Uma dessas questões para a qual nunca teremos a resposta é de como e quanto nossa vida mudaria de acordo com as nossas escolhas e decisões. O diretor traz essa temática em dois filmes: Sorte Cega (Pryzpadek, 1987) e A Dupla Vida de Véronique (La Double Vie de Véronique, 1991), esse último já em sua fase francesa. Sorte Cega trata de três destinos completamente diferentes de um homem, baseado em ele conseguir ou não pegar um trem, enquanto A Dupla Vida de Véronique narra duas trajetórias de uma mesma mulher, uma vivendo na Polônia e a outra na França. Esses dois longas trazem o princípio do determinismo, a teoria filosófica de que todo acontecimento é explicado pela determinação, ou seja, por relações de causalidade. As duas produções também de certa forma inauguraram essa temática no cinema, influenciando algumas obras adoradas nos anos 2000 e 2010:
Um novo olhar para clássicos
Os filmes mais famosos de Krzysztof Kieślowski são os que compõem a chamada Trilogia das Cores e que tratam de maneira original de cada cor da bandeira da França e o lema da revolução francesa: A Liberdade é Azul (Trois Couleurs: Bleu, 1993), A Igualdade é Branca (Trois Couleurs: Blanc, 1993) e A Fraternidade é Vermelha (Trois Couleurs: Rouge, 1994).
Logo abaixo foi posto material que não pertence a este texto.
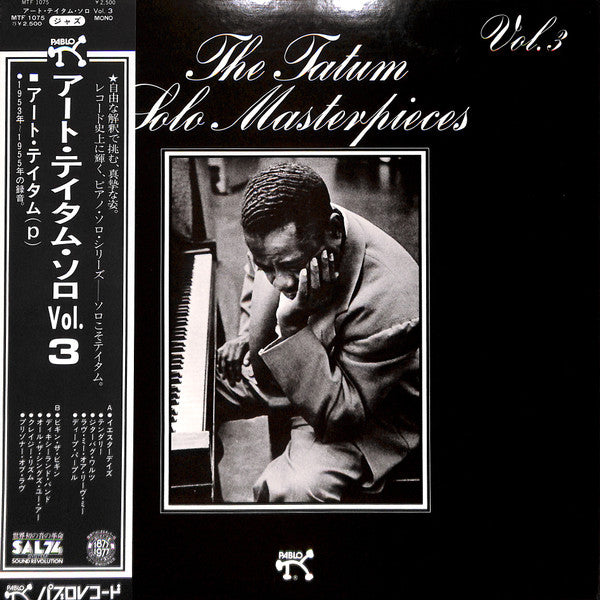 The Tatum Solo Masterpieces, Vol. 3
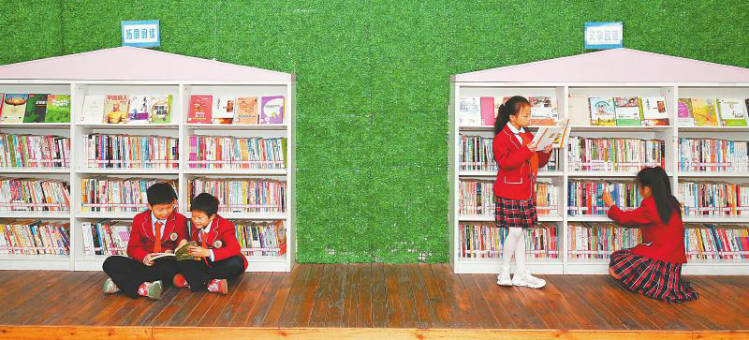 2026年四川公共圖書館“全民閱讀活動周”啟動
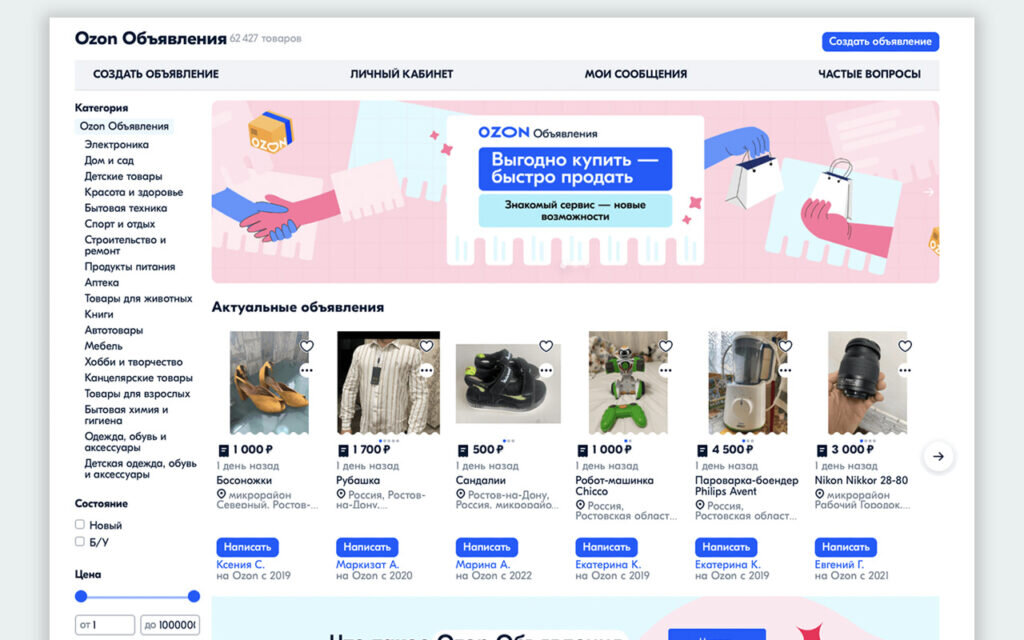 Раздел объявлений на сайте Ozon. Фото: Евгения Евсеева, vc.ru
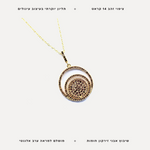 שרשרת ציפוי זהב תליון יוקרתי - features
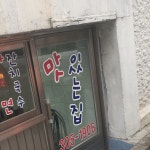 나만의 맛집 지도, 뽈레 [맛있는집] ㅇㅅ님이 작성 2018/6/9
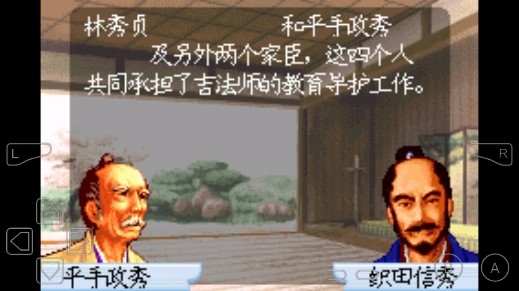 信長異聞錄完整漢化版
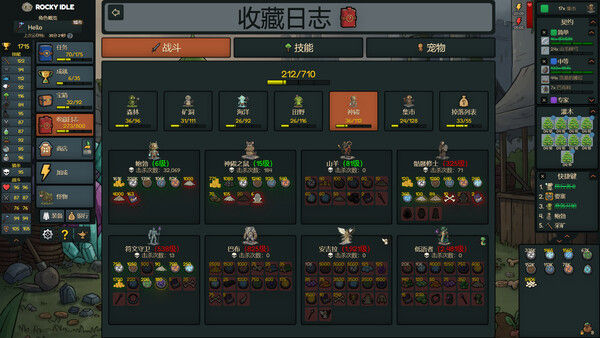 洛基放置/Rocky Idle 截图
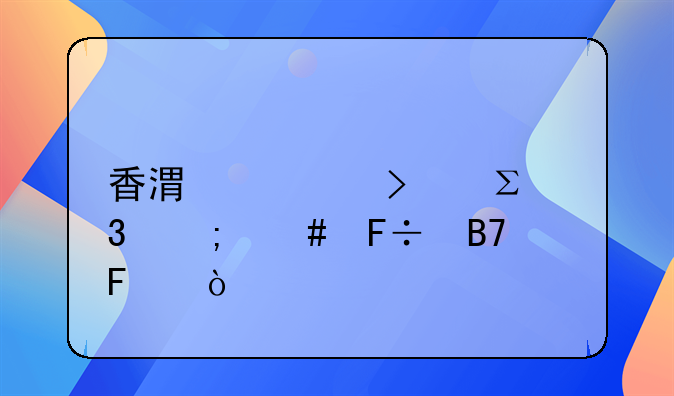 香港公司注册怎么命名呢？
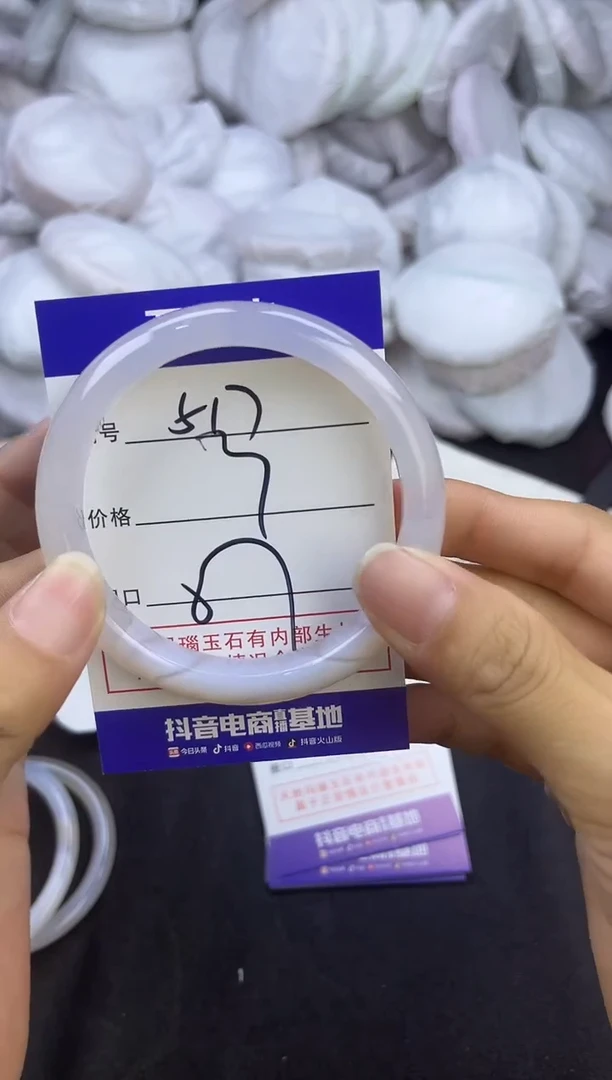 玛瑙/玉髓手镯未镶嵌517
O Cinéfilos já falou sobre eles aqui.
Mas essa não foi a única vez que o diretor polonês se aventurou a levar sua própria visão sobre histórias clássicas. Anteriormente à sua fase francesa, Kieślowski produziu para a TV a série Decálogo (Dekalog, 1989), com 10 episódios narrando cada um dos Dez Mandamentos. Explorando os possíveis significados dos Mandamentos, o cineasta entregou uma das obras mais importantes da televisão mundial, mostrando de maneira filosófica e melancólica a sociedade polonesa e suas dificuldades, deixando um pouco de lado a política usada em suas outras produções. Dois dos episódios ganharam um corte maior para o cinema, sendo lançados antes da exibição da série: Não Matarás (Krótki Film o Zabijaniu, 1988) e Não Amarás (Krótki Film o Milosci, 1988).
Pouco menos de dois anos antes de sua morte, Kieślowski começou a escrever os roteiros de outra trilogia, dessa vez inspirado pela obra A Divina Comédia de Dante Alighieri. Os longas foram filmados quase 10 anos depois, dirigidos por Tom Tykwer em Paraíso (Heaven, 2002), Danis Tanovic em Inferno (L’Enfer, 2005) e Stanislaw Mucha em Purgatório (Nadzieja, 2007).